Waimea Canyon
Dann geht es aber auch schon los. Ich umrunde die Insel heute an der Südseite, fahre durch Lihue und immer weiter, bis ich zum Abzweig des Waimea Canyon State Parks komme. Von hier führt die Straße kontinuierlich bergan. Unterwegs halte ich an einem Aussichtspunkt, von dem mein Blick weit über die Insel schweift.
Dann ändert sich die Landschaft sehr schnell. Es wird hügeliger. Ich tauche in den zerklüfteten Teil der Insel ein, der an vielen Stellen fast unzugänglich ist. Hier aber wurde ein kleiner Teil mit einer Straße erschlossen.
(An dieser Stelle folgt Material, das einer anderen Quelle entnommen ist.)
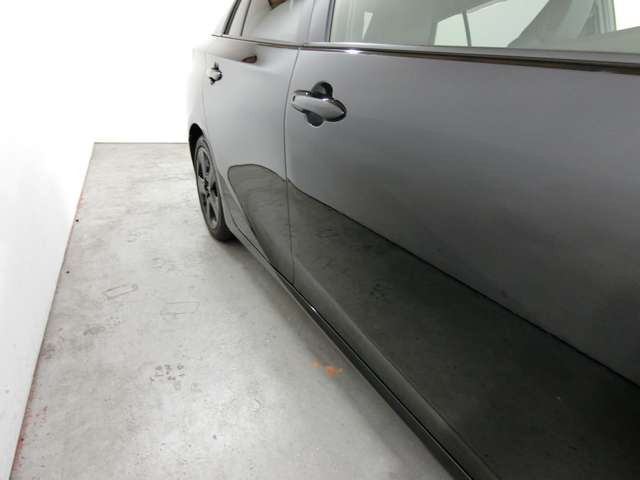 トヨタ プリウス １．８ Ｓ ツーリングセレクション H28年 (中国) 99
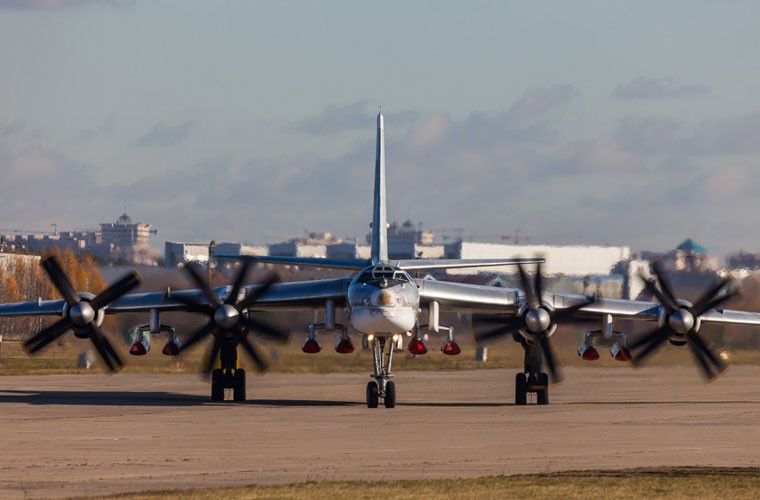 May bay Tu-95MS Nga co the phong ten lua huy diet IS?-Hinh-2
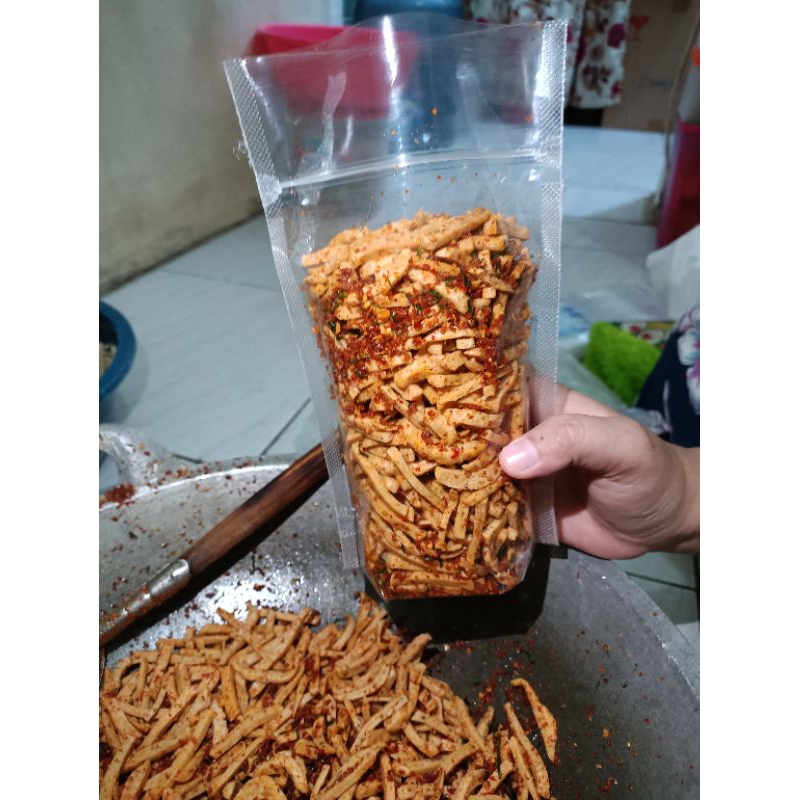 

Basreng pedas daun jeruk/bakso goreng 200gr berkualitas premium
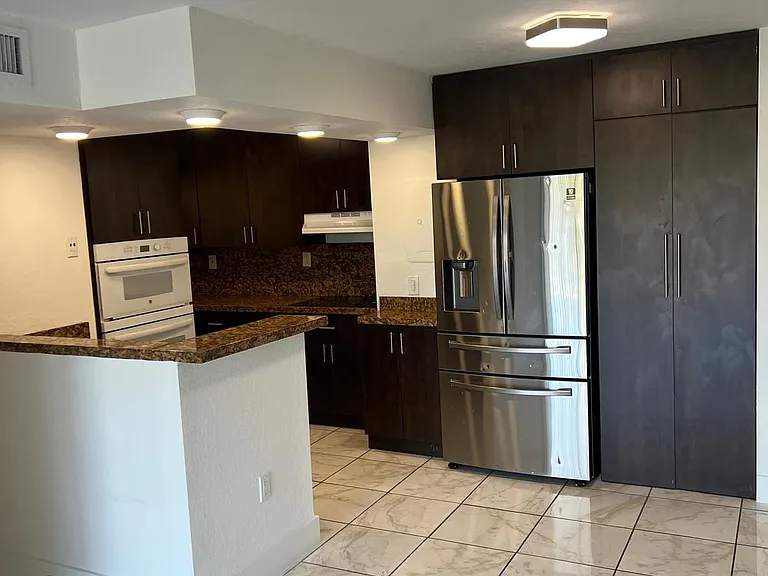 8850 Fontainebleau Blvd #303 — Photo 4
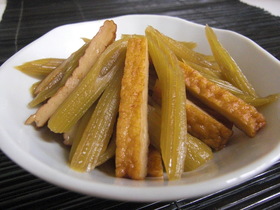 うまいよ~♪フキとサツマ揚げ☆煮物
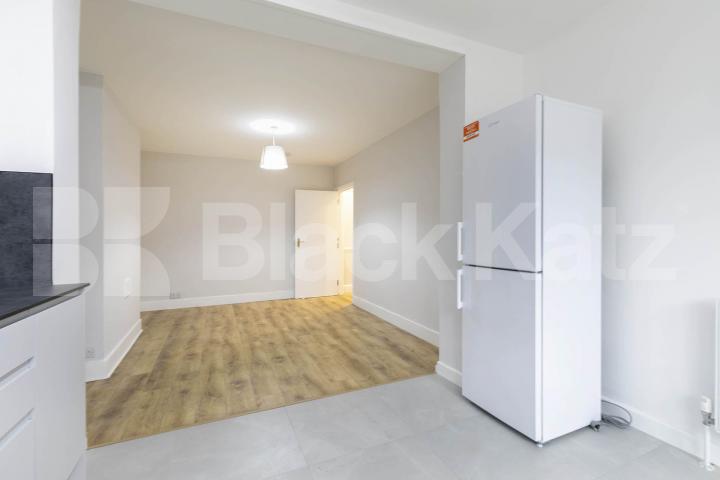 			2 Bedroom, 1 bath, 1 reception 			 Burnley Road, London, NW10,  London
Als ich zu ersten Mal auf Kaua'i war, habe ich hier nur einen Hubschrauberrundflug unternommen.
Plötzlich und unerwartet wechselt sie Szenerie. Das Grün wird weniger und die Rottöne überwiegen. Das rote Gestein ist aus Basalt entstanden, der durch Oxidation diese Farbe annahm. Red Dirt, wie die Hawaiianer diese Gebiete nennen, findet sich überall auf den Inseln in verschiedenen Varianten und Farbtönen.
Das Highlight dieses kleinen Gebiets ist ein Wasserfall, der sich in Kaskaden über das rote Gestein ergießt. Ich parke mein Auto am Straßenrand, um einen genaueren Blick auf diese tolle Landschaft zu werfen.
Ziemlich schnell dominiert dann aber doch wieder das Grün, auch wenn überall noch rotes Gestein zu sehen ist. Es wird weniger, umso weiter ich in Richtung Waimea Canyon fahre.
Kurze Zeit später passiere ich die offizielle Parkgrenze und gelange in den Waimea Canyon State Park. Bisher waren State Parks in Hawaii auch generell kostenlos. Bei meinem Besuch war das noch so, doch inzwischen kostet es für Touristen fünf Dollar im Waimea Canyon State Park oder dem dahinter liegenden Koke'e State Park zu parken.
Der Waimea Canyon ist eine sechzehn Kilometer lange und bis zu 900 Meter tiefe Schlucht im Nordwesten von Kauai. Das hawaiianische Wort Waimea bedeutet so viel wie rötliches Wasser und bezieht sich auf die Erosion des rötliches Gesteins, das durch den Waimea River ausgewaschen wird. Der Canyon wird auch der "Grand Canyon of the Pacific" genannt, eine Aussage, die fälschlicherweise oft Mark Twain zugeordnet wird. Tatsächlich aber stammt sie von John Wesley Powell, der Kaua'i 1869 besuchte. Der amerikanische Entdecker ist vor allem durch seine Touren im Südwesten der USA, unter anderem im Grand Canyon, bekannt.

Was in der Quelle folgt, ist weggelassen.